(fot. Kamil Kozioł)
To był jeden z najbardziej wyczekiwanych debiutów w polskim boksie zawodowym w tym roku
Pochodzący z Dorohuska Michał Soczyński to wielokrotny medalista mistrzostw Polski w różnych kategoriach wiekowych. Na swoim koncie ma m.in. tytuł mistrza Polski seniorów w boksie olimpijskim. W wieku 22 lat postanowił jednak porzucić amatorskie pięściarstwo i przejść na formułę zawodową. – Do tego kroku zmusiła mnie sytuacja życiowa.
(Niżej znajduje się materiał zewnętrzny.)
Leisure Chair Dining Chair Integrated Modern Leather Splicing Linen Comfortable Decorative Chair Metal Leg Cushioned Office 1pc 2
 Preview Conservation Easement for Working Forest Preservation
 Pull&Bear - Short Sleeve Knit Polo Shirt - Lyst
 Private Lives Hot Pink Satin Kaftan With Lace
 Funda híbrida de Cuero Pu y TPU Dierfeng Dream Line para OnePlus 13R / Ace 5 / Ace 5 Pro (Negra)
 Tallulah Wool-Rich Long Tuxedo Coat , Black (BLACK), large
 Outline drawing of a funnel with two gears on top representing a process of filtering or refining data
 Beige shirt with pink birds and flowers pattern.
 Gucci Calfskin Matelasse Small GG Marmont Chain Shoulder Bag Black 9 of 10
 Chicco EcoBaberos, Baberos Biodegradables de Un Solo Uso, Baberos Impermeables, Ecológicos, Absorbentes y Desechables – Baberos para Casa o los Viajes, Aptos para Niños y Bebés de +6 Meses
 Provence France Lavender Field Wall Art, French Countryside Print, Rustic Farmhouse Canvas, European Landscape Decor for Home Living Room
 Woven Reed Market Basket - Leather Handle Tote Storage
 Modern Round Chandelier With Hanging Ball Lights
Podczas zgrupowania na Ukrainie, kiedy walczyłem w barwach reprezentacji Polski, złamałem rękę. Okazało się, że z kontuzją oraz związanymi z nią wydatkami zostałem zupełnie sam. Polski Związek Bokserski kompletnie odwrócił się ode mnie. W tym czasie dostałem propozycję przejścia na zawodowstwo i postanowiłem ją przyjąć – tłumaczył Michał Soczyński.
Nic więc dziwnego, że jego debiut na zawodowym ringu wzbudził potężne emocje. Jego pierwszym rywalem miał być Michał Czykiel. Zawodnik z Kołobrzegu jednak w ostatniej chwili zgłosił kontuzję ręki, dlatego w zastępstwie na zamku w Gniewie pojawił się Piotr Rzyman. To pięściarz solidny, ale jednak o klasę gorszy od Czykiela.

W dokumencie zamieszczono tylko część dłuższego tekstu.